/huffman-decoding

SENG 440 Huffman Decoding project in C, optimized for the ARM920T microcontroller.

Primary LanguageC

Huffman Encoding & Decoding

SENG440 project by Daniel Kinahan (V00887329) and Raphael Bassot (V00896541), of the University of Victoria

SENG440 Team ID: 23

Date: August 14, 2021

Details

This Huffman Encoding project utilizes:

  • The French extended alphabet of symbols for input alphabet. For the project test bench, a 300+ French UTF-8 character file, input.txt, was created using 15 distinct French characters. This file is encoded (by encode.c program), which generates the two files for input to the decoder: input.txt.lut, and input.txt/huf, both found in the /original folder of this repository.
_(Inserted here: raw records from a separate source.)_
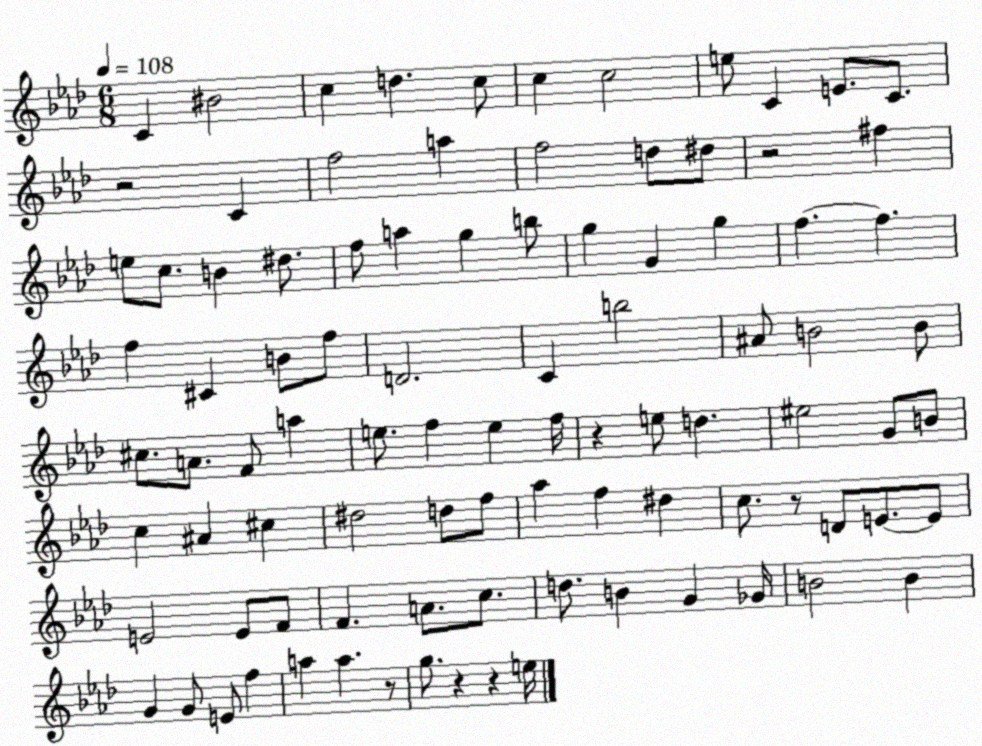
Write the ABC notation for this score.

X:1
T:Untitled
M:6/8
L:1/4
K:Ab
C ^B2 c d c/2 c c2 e/2 C E/2 C/2 z2 C f2 a f2 d/2 ^d/2 z2 ^f e/2 c/2 B ^d/2 f/2 a g b/2 g G g f f f ^C B/2 f/2 D2 C b2 ^A/2 B2 B/2 ^c/2 A/2 F/2 a e/2 f e f/4 z e/2 d ^e2 G/2 B/2 c ^A ^c ^d2 d/2 f/2 _a f ^d c/2 z/2 D/2 E/2 E/2 E2 E/2 F/2 F A/2 c/2 d/2 B G _G/4 B2 B G G/2 E/2 f a a z/2 g/2 z z e/4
  • The probability distribution of the French alphabet letters in the input.txt file follows a normal distribution, to provide a varying frequency of occurrence for each character, allowing the Huffman encoding algorithm to generate optimal Huffman codes for each unique symbol.

  • The optimized decoder, in optimized/decode_optimized.c, was cross-compiled into an ARM executable for execution on the UVic SENG440 arm device - an ARM920T microcontroller.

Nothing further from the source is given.